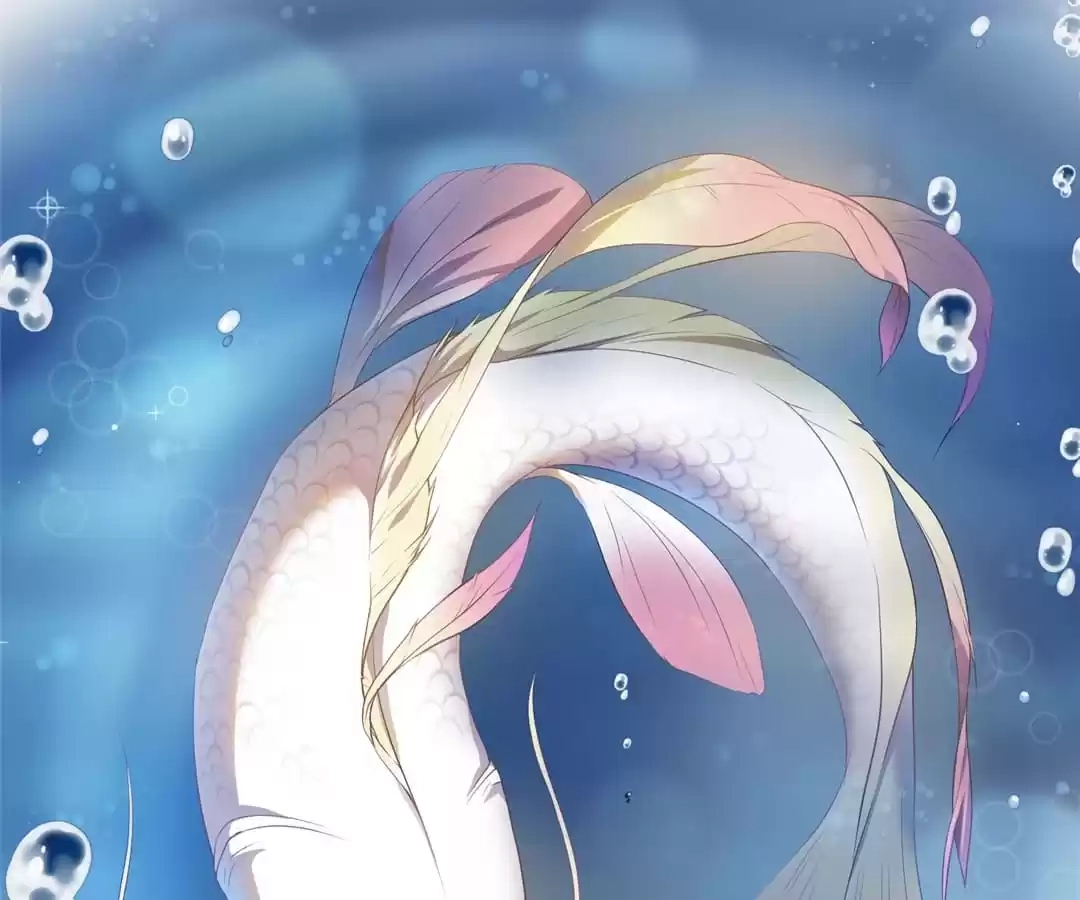 Read Yaotai Mirror chapter 41 image 6 on Lezhin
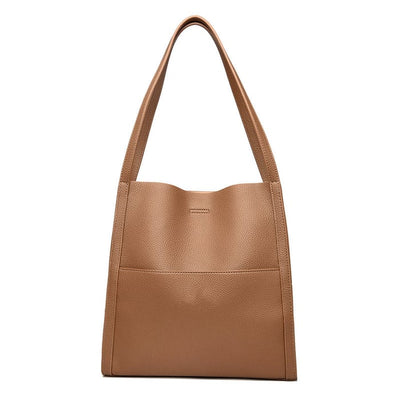 Lumiéra – Sac bandoulière fait main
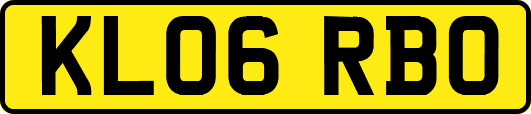 KL06RBO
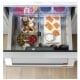 Cafe Stainless Steel Under Counter Refrigeration (CDE06RP2NS1)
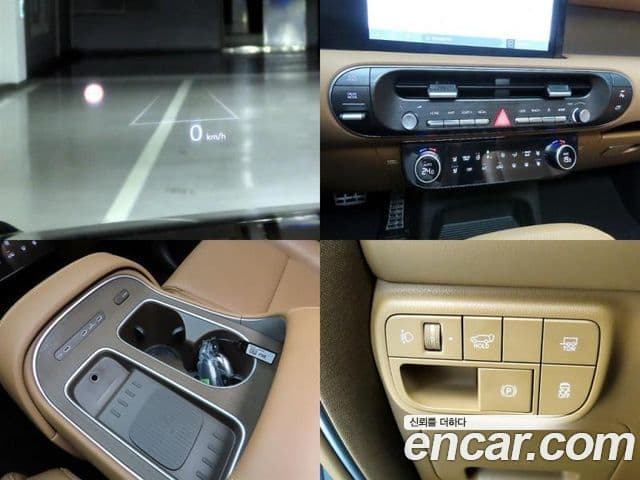 Hyundai Palisade 2025 — Photo 9/20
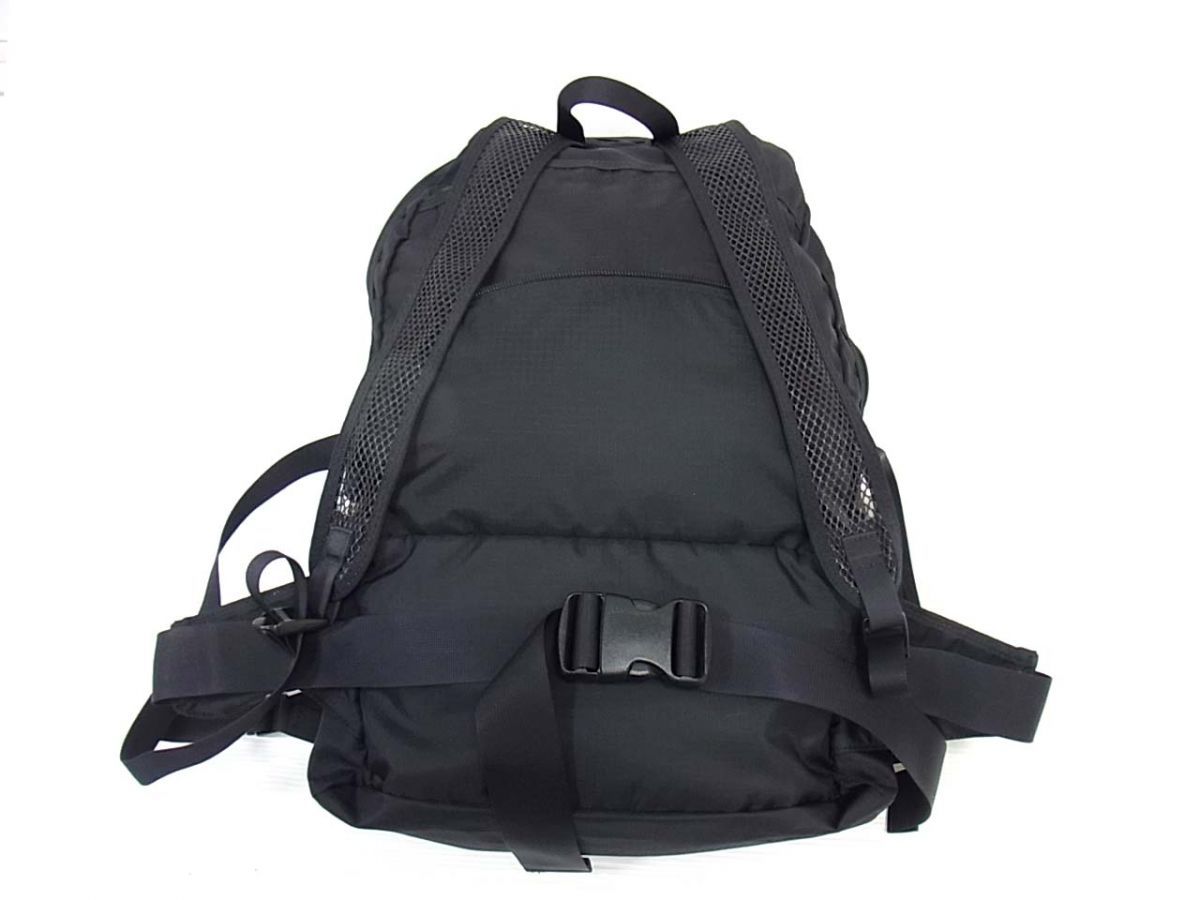 ☆PORTER 吉田カバン 2Wayバッグ 折りたたみリュック×ショルダーバッグ 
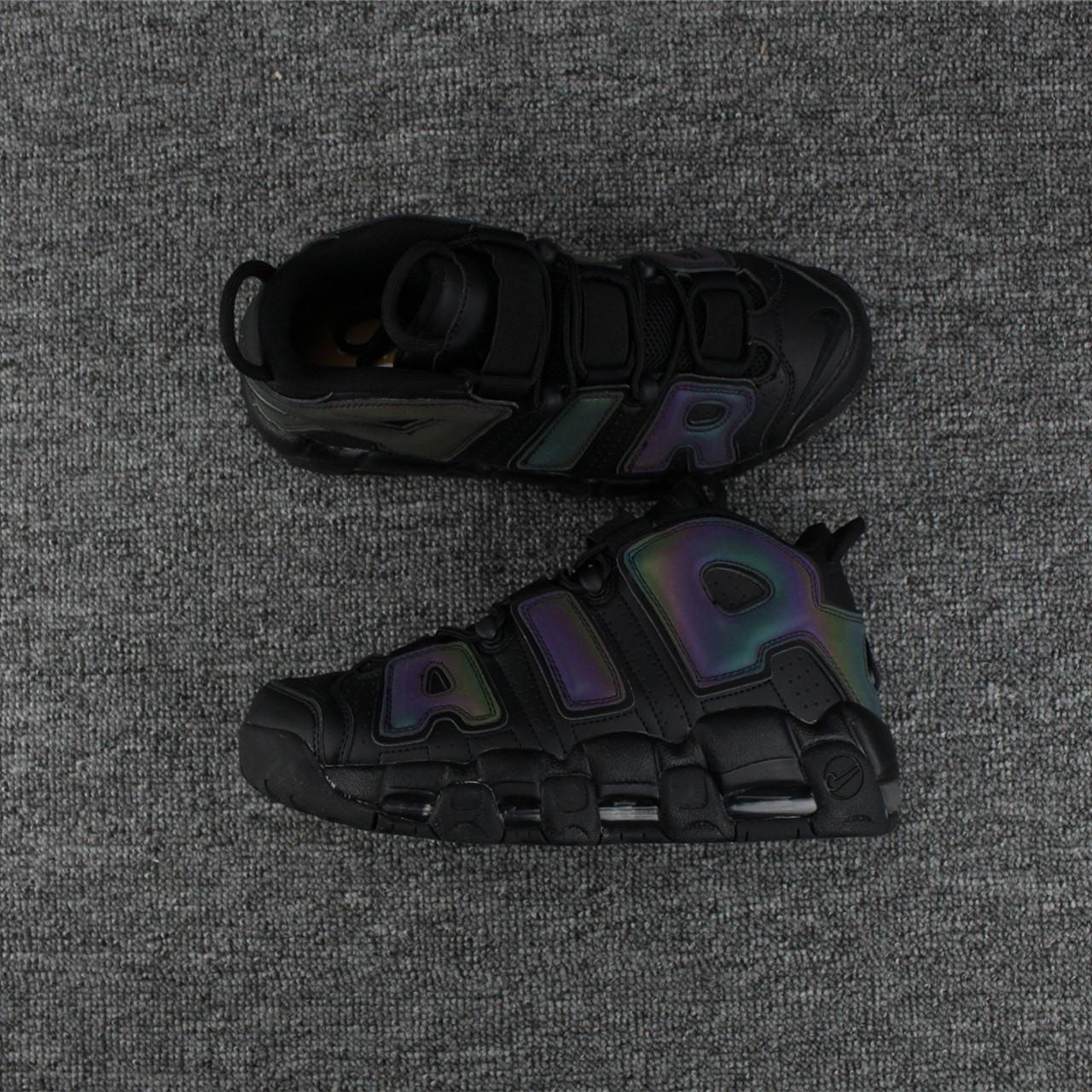 nike air more uptempo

★ ★ ★ ★ ★

**PROBLEM**: Could you retype every line above exactly as it appears, skipping the pictures?

**ANSWER TO THE EXERCISE**:
 Read Yaotai Mirror chapter 41 image 6 on Lezhin
 Lumiéra – Sac bandoulière fait main
 KL06RBO
 Cafe Stainless Steel Under Counter Refrigeration (CDE06RP2NS1)
 Hyundai Palisade 2025 — Photo 9/20
 ☆PORTER 吉田カバン 2Wayバッグ 折りたたみリュック×ショルダーバッグ 
 nike air more uptempo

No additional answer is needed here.